Again, it was the very Government that brought me to trial-by-media that brought me to trial that precipitated, encouraged, and fostered the very public hostility. And the trial-by-media caused a jury to convict me of charges that the prosecution did not prove beyond a reasonable doubt or to the exclusion of any hypothesis than that of innocence.
In conclusion, from the very beginning of this whole ordeal I have professed my innocence regardless of the law enforcement and prosecution’s misconduct that occurred from the very beginning of the investigation. The very conviction of the jury should be reversed due to the lack of evidence, which did not prove my guilt. ( After the trial several people of the jury admitted that they had read and heard about the Billings murders prior to and during the trial.) The prosecution did not produce any evidence that I had ever been at the crime scene, or that I had control of the murder weapon, or that the get-away vehicle was definitely the same vehicle found at Gonzalez Sr’s residence. It was not proven that I had ever been seen driving or controlling a red van. And, finally, people from all across this country watched this trial on television and the internet, and the public saw that the prosecution did not prove their case for them to support.

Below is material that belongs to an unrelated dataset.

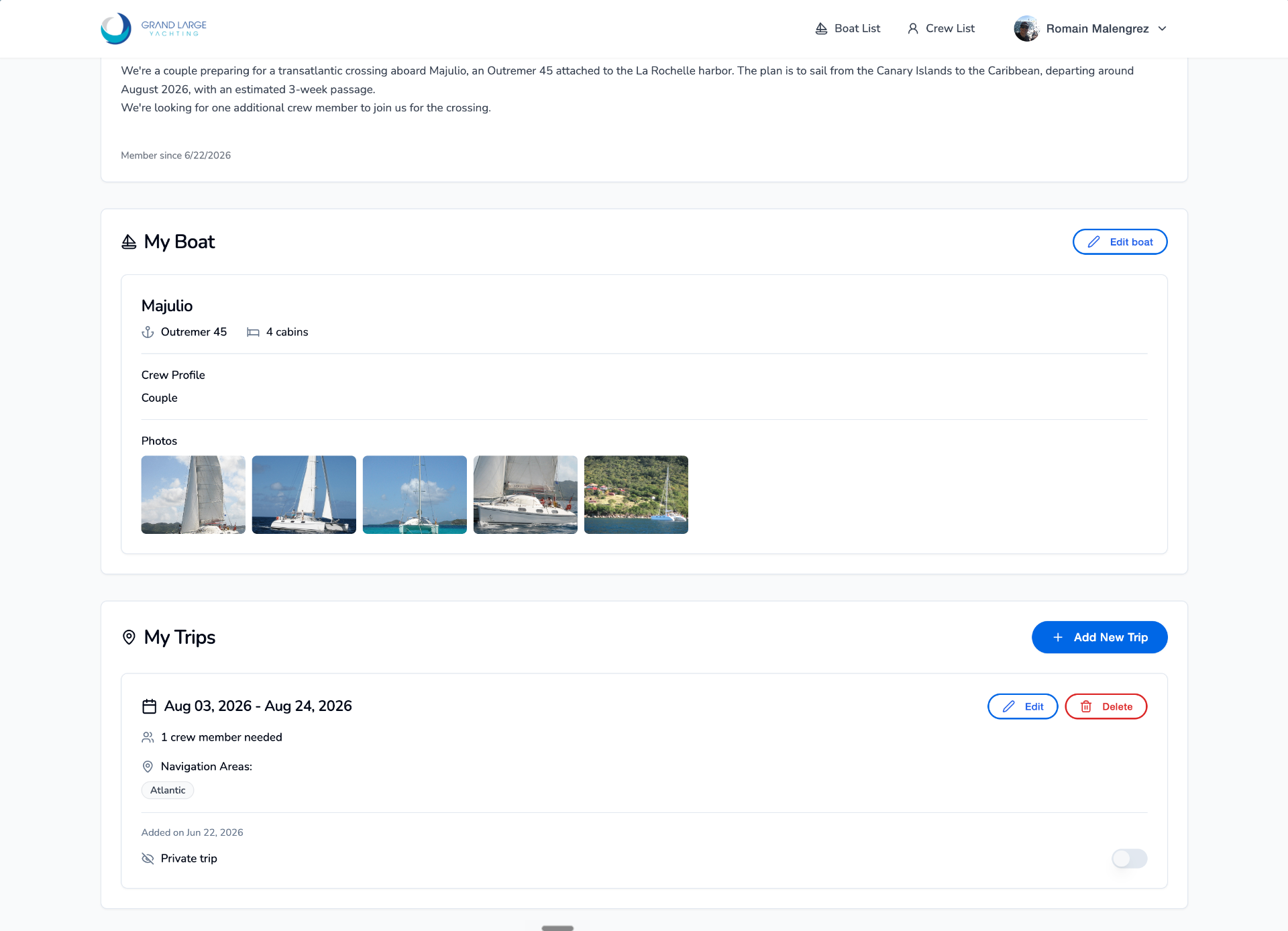 Dashboard screen of the Grand Large Yachting crew exchange platform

Many people who watched this trial questioned how this high profile case only lasted 3 days after jury selection. Citizens without law degrees wrote hundreds of blogs about how obvious I should not have been found guilty. So whether I get sentenced to death or life without parole I am still not guilty of the charges against me. The question I pose is this, “Does Lady Justice hold a double-edged sword and balanced scales and wears a blind-fold in Pensacola?”. It should not have been necessary for me to say this. “Not Guilty” should have been enough. I should not have been found guilty because Mark O’Brian and the Pensacola News Journal said so, or because Larry King , Nancy Grace, and Sheriff Morgan broadcasted it to millions of people around the world. The Government brought me to trial. The burden of proof should have been on them. The Government and the Media declared my guilt outside of the courtroom, but, inside they just did not prove their case.
I expect my attorneys to make another motion for a verdict of acquittal and for justice to be served. Not the “fast food-style” justice admitted via the media, but the kind that is the law.